C'mon, everybody knows by now that the real "'scare" of Sputnik wasn't that the Russkies put a tiny satellite into orbit, but that the R7 that put it there was a capable ICBM.
The whole "man on the Moon" thing was political cover for having the biggest-baddest ICBM rockets on the planet and being able to militarize space. You can tell taxpayers that you're going to spend a huge chunk of GDP on technology to obliterate the world, or on putting a Man on the Moon. Guess which gets more "rah-rah" support? The People aren't as psycho as the government, even if they are easily fooled.
The interesting thing is that the plan backfired. Now that politicians are themselves in danger of being obliterated if they start another war, they've backed down quite a bit. At least enough to only go picking on nations that aren't nuclear-armed themselves (Iran and PRNK learned this lesson).

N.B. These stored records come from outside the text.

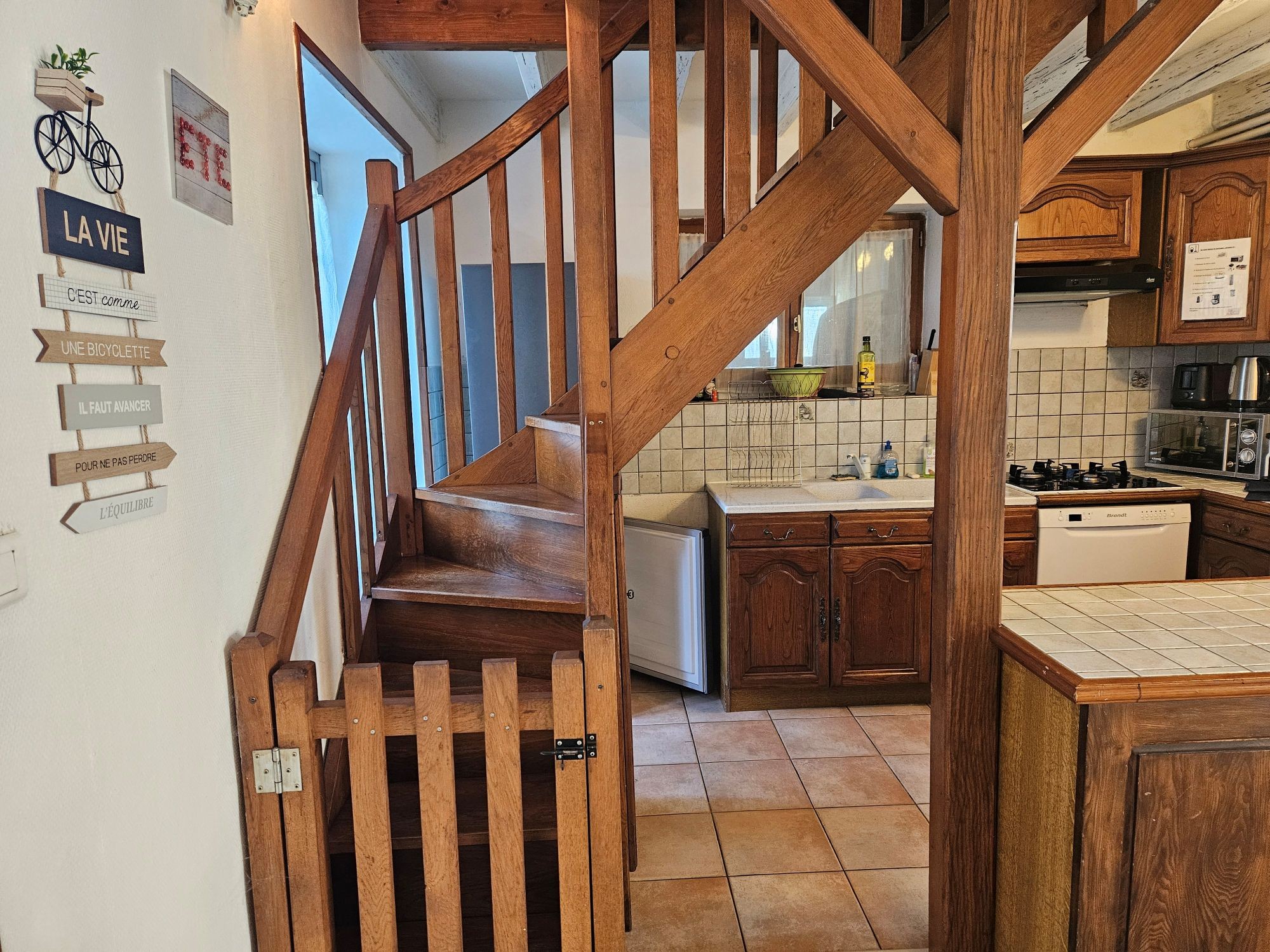 coin cuisine dans le séjour avec l'escalier qui monte à l'étage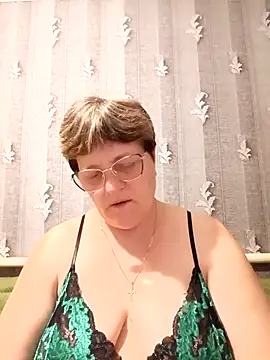 Snapshot of ElzaJewel chatting on April 22, 2026, 7:55 am ElzaJewel online show from April 22, 2026, 7:55 am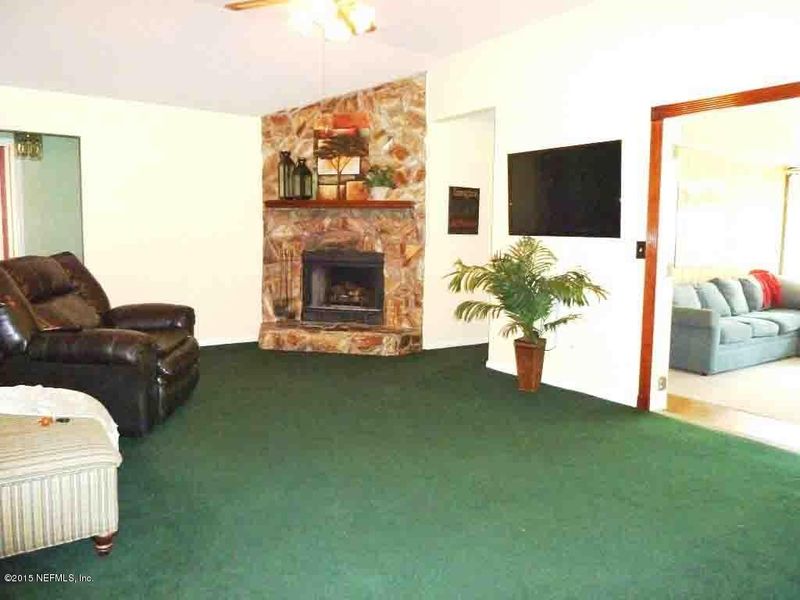 4431 Sunnycrest Dr, Jacksonville, FL 32257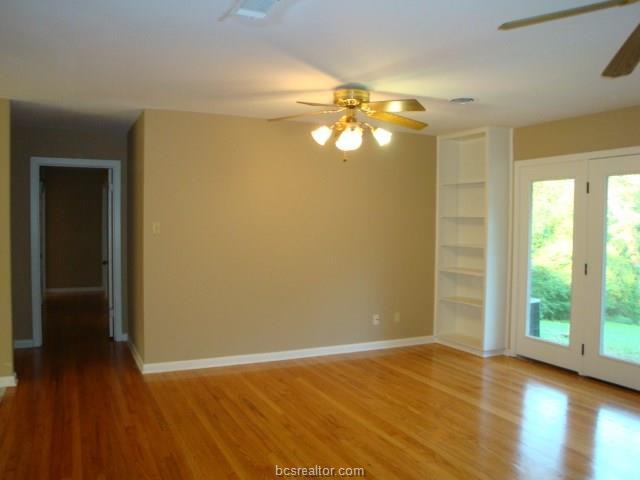 405 E Brookside Dr - Photo 3 of 21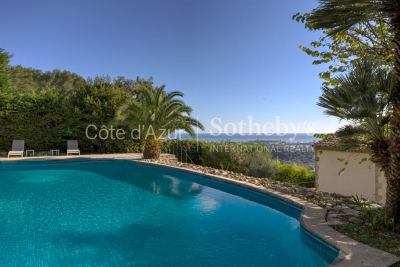 Maison à vendre à GOLFE JUAN  - 5 pièces - 250 m² 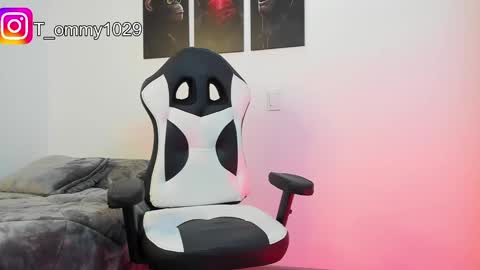 Tommy online show from December 31, 1:26 am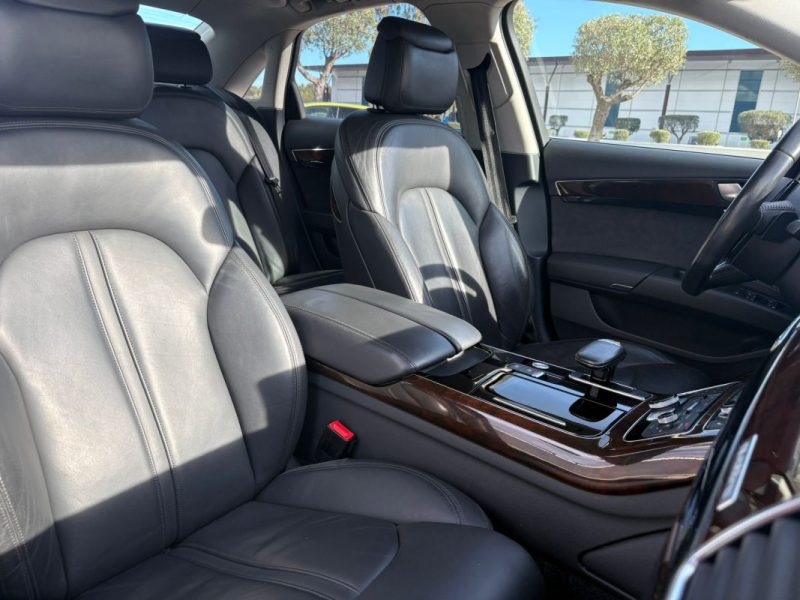 AUDI A8 / 3.0 V6 / 262CH  / TVA récupérable / GARANTIE 12 mois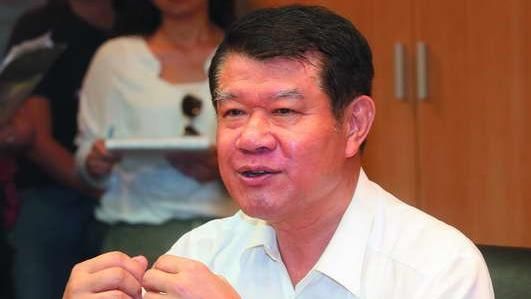 交長爭奪戰　何煖軒幫賀陳旦「造勢」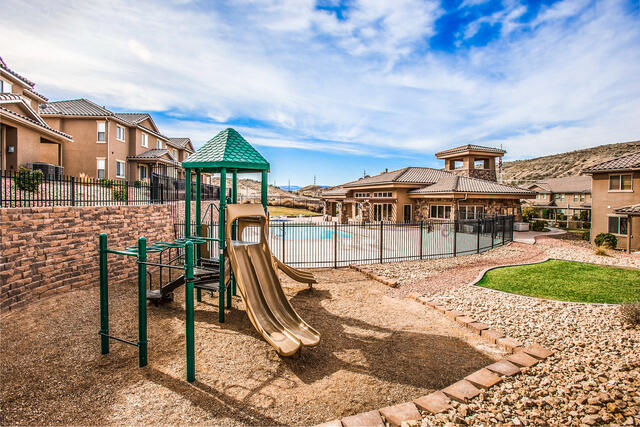 COTTAGES AT FOSSIL HILLS - Residential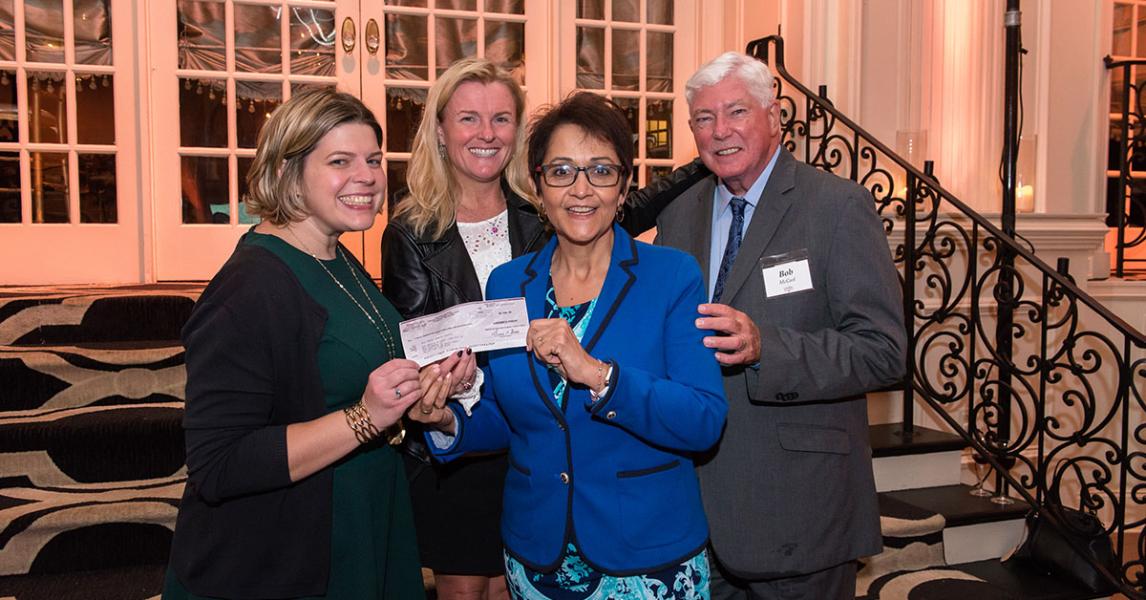 Link to /sites/default/files/styles/slider_desktop/public/images/slide/1.jpg?itok=eZDcZ8xc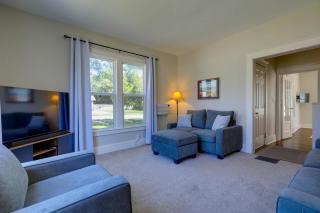 Charming Home 1/2 Mi Walk to Downtown Lee's Summit - 3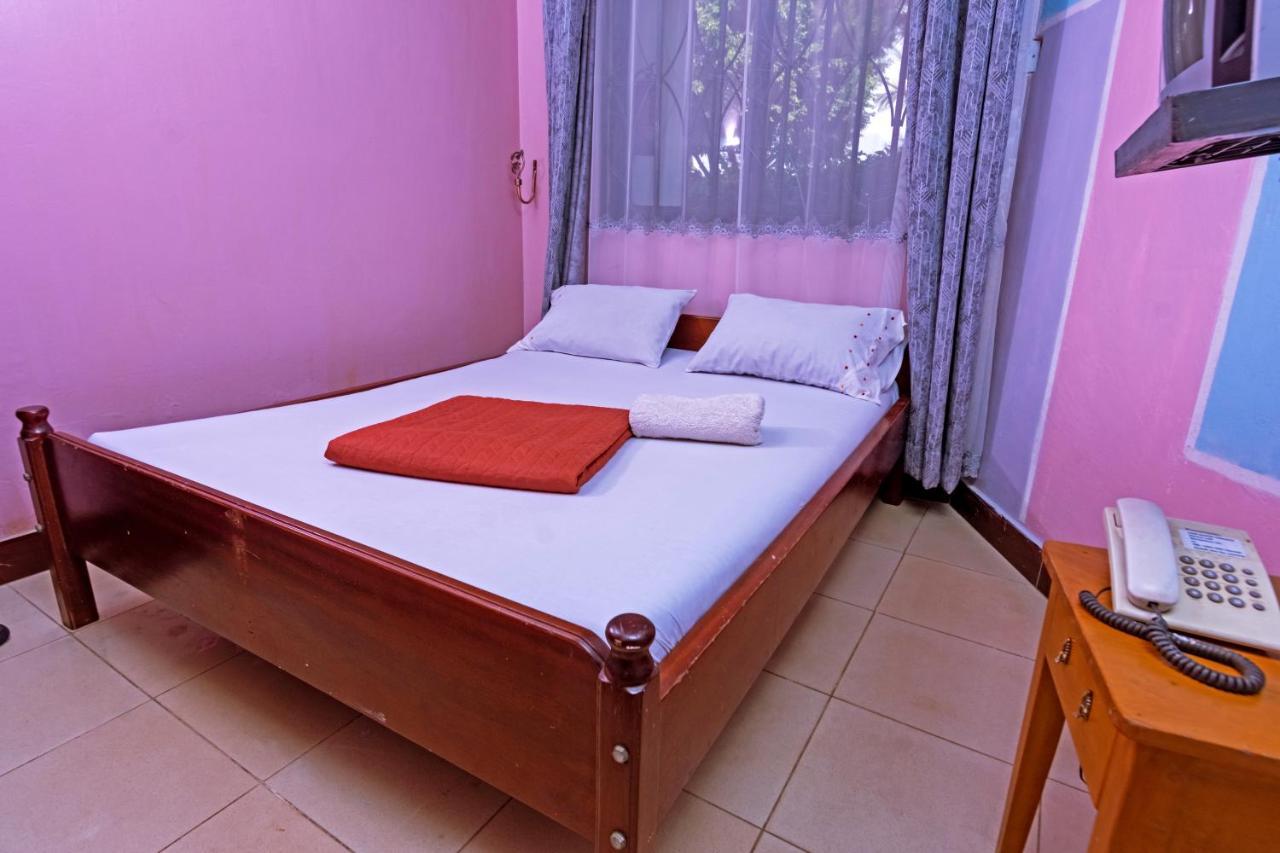 Royal Lake View Gardens Bed & Breakfast Kampala Exterior photo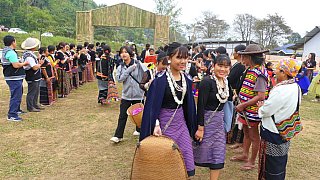 Begr&uuml;&szlig;ungs-Spalier auf dem Reh-Fest - Indien - Nordosten - Land und Leute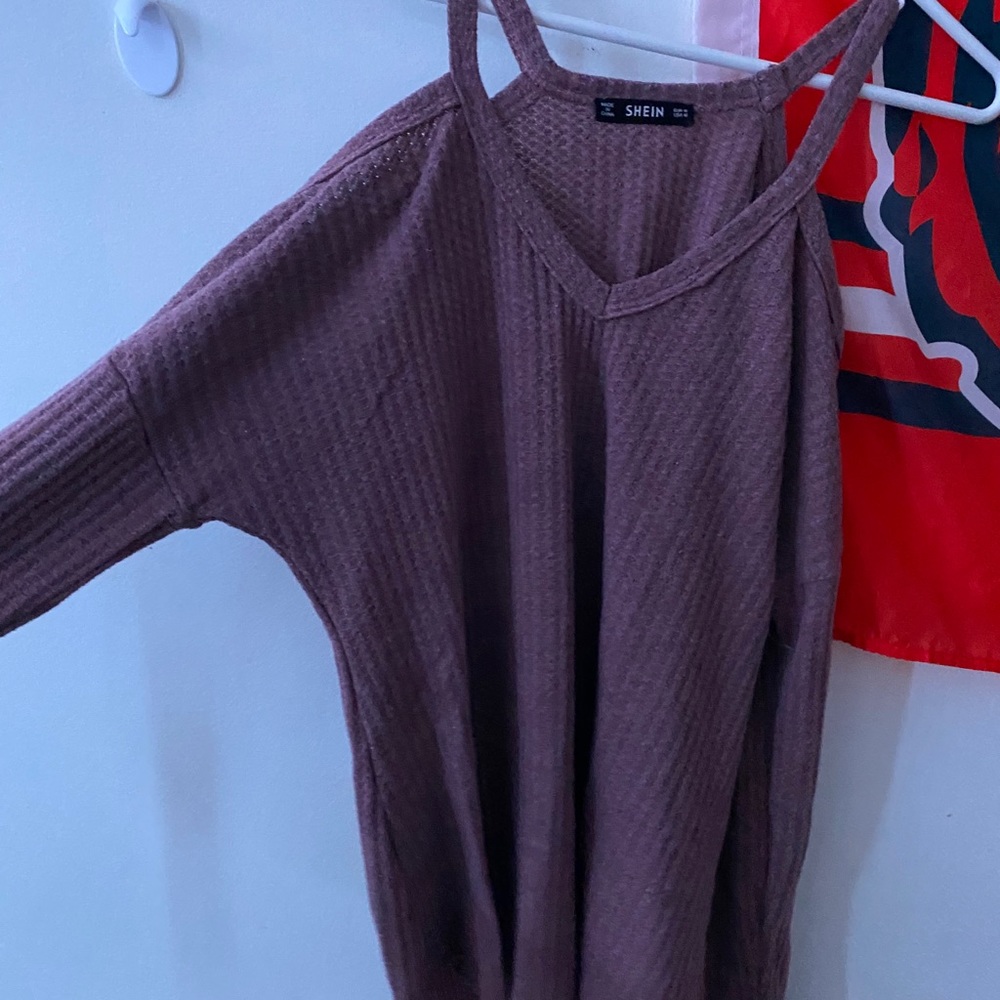 Open shoulder top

The actual benefits that have been accrued from the Moon Landings are minimal, and at the cost of everything else that might have been done with those resources. Where space exploration is happening, and going, is in the private sector (SpaceX, et. al) where profits are to be made providing useful services from satellites or rich-men's wish fulfilment, or from non-profits looking to further the advancement of science. The difference is that dying peacefully on a Mars colony or studying the Sun is less with the blow-up-the-world crazy. By the end of the next decade NASA itself can be mothballed - they'll still be hard at work on the Senate Launch System that nobody wants. "Mission accomplished" if one must.